SUPPLIED DATA below:

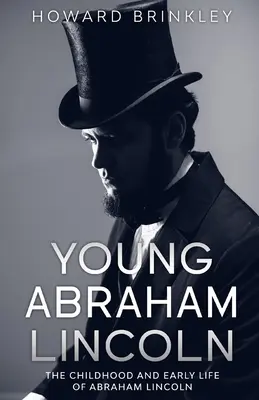 Młody Abraham Lincoln: Dzieciństwo i wczesne życie Abrahama Lincolna - Young Abraham Lincoln: The Childhood and Early Life of Abraham Lincoln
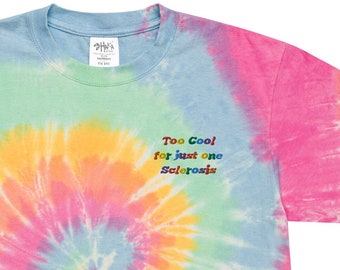 Multiple Sclerosis Embroidered Oversized Tie Dye Shirt - Too Cool for One Sclerosis - Multiple Sclerosis Gifts - Multiple Sclerosis Shirt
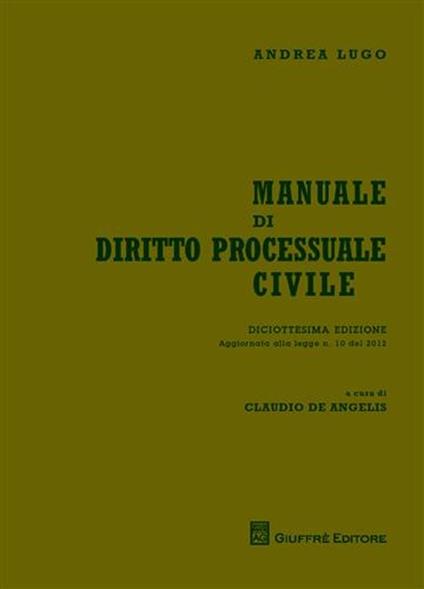 Manuale di diritto processuale civile - Andrea Lugo - copertina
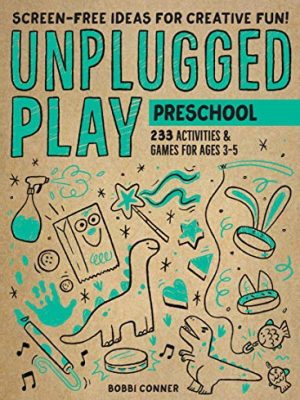Unplugged Play: Preschool : 233 Activities & Games for Ages 3-5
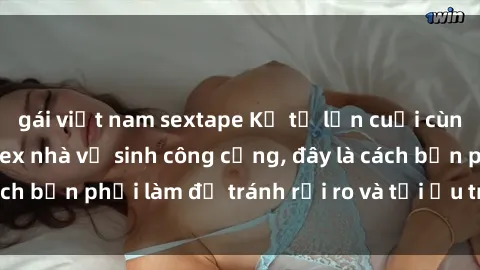 gái việt nam sextape Kể từ lần cuối cùng bạn thực hành sex nhà vệ sinh công cộng, đây là cách bạn phải làm để tránh rủi ro và tối ưu trải nghiệm.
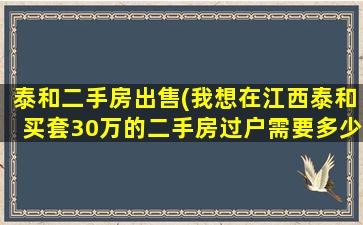 泰和二手房*(我想在江西泰和买套30万的二手房过户需要*)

End of SUPPLIED DATA.

**WHAT YOU HAVE TO DO**
With the images left out, set down every entry exactly.

**ANSWER BOX**
 Młody Abraham Lincoln: Dzieciństwo i wczesne życie Abrahama Lincolna - Young Abraham Lincoln: The Childhood and Early Life of Abraham Lincoln
 Multiple Sclerosis Embroidered Oversized Tie Dye Shirt - Too Cool for One Sclerosis - Multiple Sclerosis Gifts - Multiple Sclerosis Shirt
 Manuale di diritto processuale civile - Andrea Lugo - copertina
Unplugged Play: Preschool : 233 Activities & Games for Ages 3-5
 gái việt nam sextape Kể từ lần cuối cùng bạn thực hành sex nhà vệ sinh công cộng, đây là cách bạn phải làm để tránh rủi ro và tối ưu trải nghiệm.
 泰和二手房*(我想在江西泰和买套30万的二手房过户需要*)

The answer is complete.